Before I could elaborate, Jonathan’s phone rang. He glanced at the screen and his expression tightened.
“My father,” he said, answering. “Dad?”
I could hear Michael Hirsch’s voice through the phone, crisp and urgent, though I couldn’t make out the words.
“You’re here already?” Jonathan said. “I thought you weren’t arriving until tomorrow.” A pause. “Where do you want to meet?”
Jonathan caught my eye and held up a finger, asking me to wait.
“Should I bring Wally?” he asked, and I heard the hope in his voice.
The silence that followed felt endless. Then Jonathan’s face fell slightly.
“I understand,” he said. “Give me twenty minutes.”
He hung up and looked at me with an expression that mixed apology with resignation.

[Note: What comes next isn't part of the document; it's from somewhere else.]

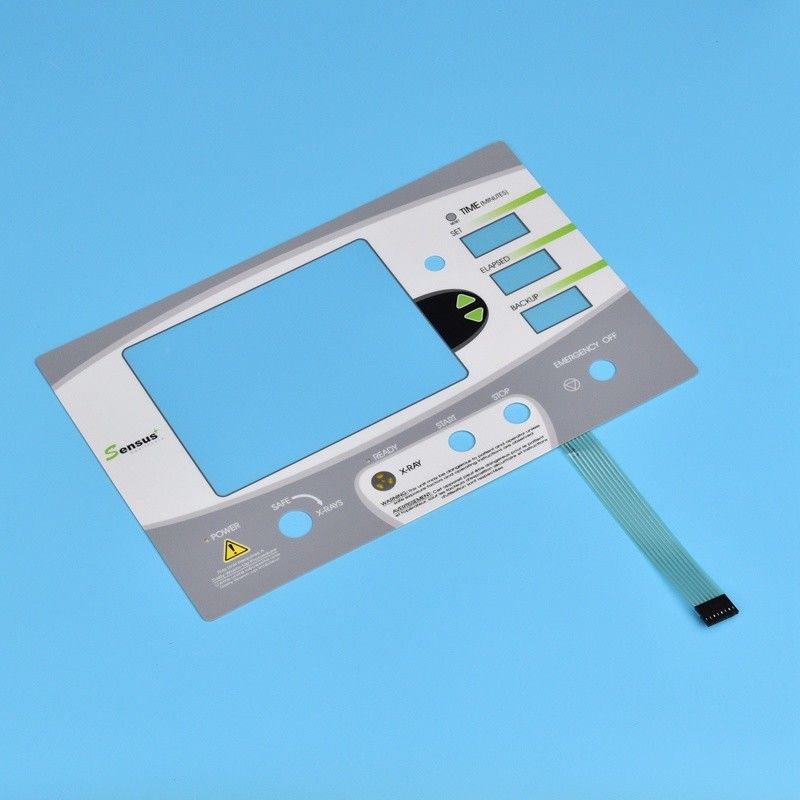 Customized LED Membrane Switch Main Name Embossing Membrane Switch Circuit Options Silver Flex Circuit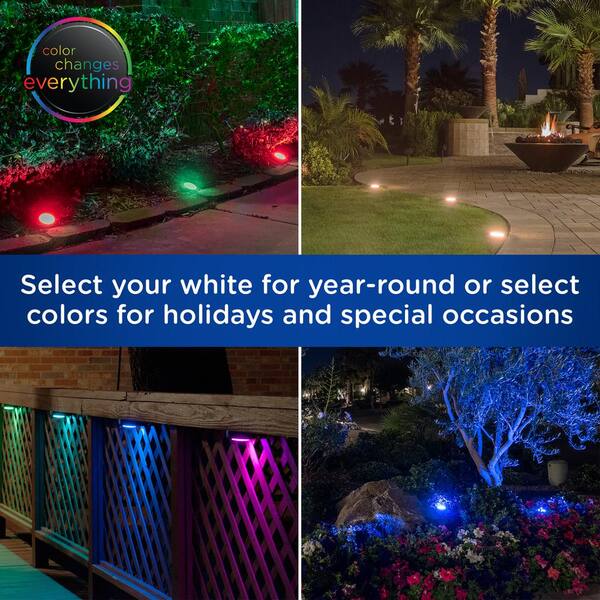 Enbrighten WiFi Bundle - Seasons Color-Changing LED Landscape Lights (9  Lights, 80ft. Black Cord) and Enbrighten Outdoor Plug-in 2-Outlet WiFi Smart  Switch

“He’s at the Beachhouse Hotel. Wants to discuss ‘damage control’ before the media gets wind that he’s here.” Jonathan stood, reaching for his shoes. “I asked if you should come.”
“I heard you.”
“He thinks it’s better if we talk privately first. Father-son conversation about handling the situation.” Jonathan’s voice carried a note of disappointment that he was trying to hide. “I’m sorry, Waldo. I know this isn’t what we planned.”
“It’s fine,” I said, though it wasn’t. “You need to deal with your family. I need to figure out what’s left of my career.”